By Kidist Ibrie Yasin
My journey to a Ph.D. study in philanthropy has already opened several opportunities in less than a year, the most recent of which was four days in May to participate in the ISTR/WITS African Ph.D. Seminar and Annual Philanthropy Conference, held in the beautiful “City of Gold,” Johannesburg, South Africa.
A chance to hear about my dissertation from world-class experts, networking with fellow Ph.D. students with diverse backgrounds, participating and becoming a victor in a three-minute thesis competition, getting a chance to present my work in front of scholars and leaders of the third sector across the world, and my experience at the Wits Business School are treasures that I will always vividly remember.
During the two-day Ph.D. seminar, 20 students were teamed into three groups, each consisting of at least two senior faculty and six or seven students. This was a unique opportunity where students got a chance to present their work and obtain detailed individual feedback from the group.

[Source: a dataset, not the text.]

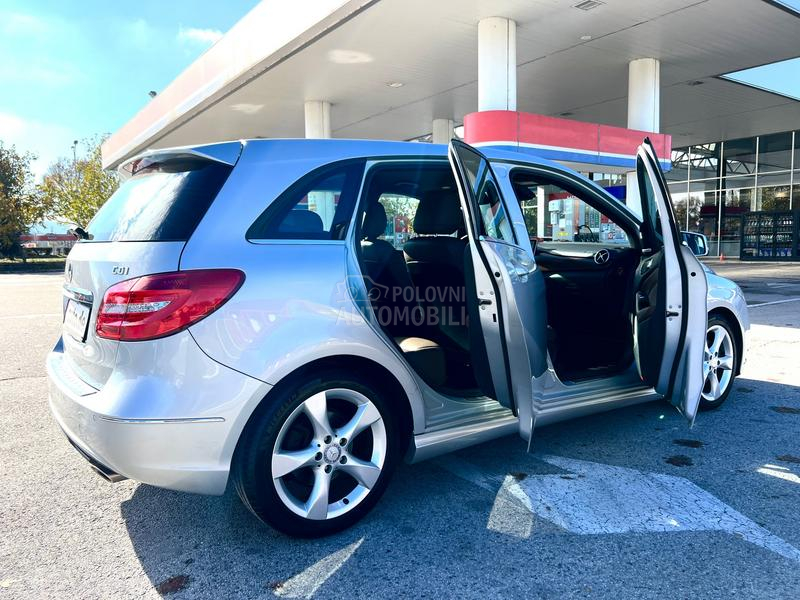 Mercedes Benz B 180 CDI SPORT PAKET
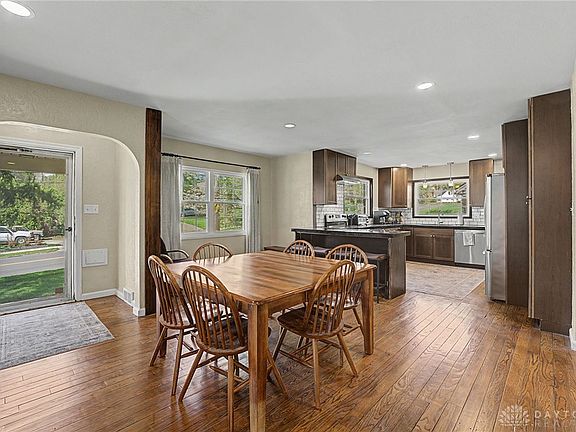 4th image of 1112 Irving Ave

My group, themed general philanthropy, was awesome; it included Professor Alan Fowler and Professor Una Osili, and five more Ph.D. students who study in Ghana, Kenya, Uganda, UK, and the US.
They generously gave me well-thought and insightful comments that clarified nuanced issues and evoked deeper thinking into my work, and an essential dataset for my dissertation was also suggested. Listening to, and actively participating in, the presentations of my group members also widened my understanding in several areas of philanthropy and boosted my confidence in expressing my views in academic settings.
The three-minute thesis competition was a moment that made me very nervous, yet ended with massive excitement. When I was announced a co-winner of the competition, I was shocked, and became speechless! Being the winner of such a competition in an international platform embodies great motivation, strong energy, and a sense of the higher significance of the work that I do.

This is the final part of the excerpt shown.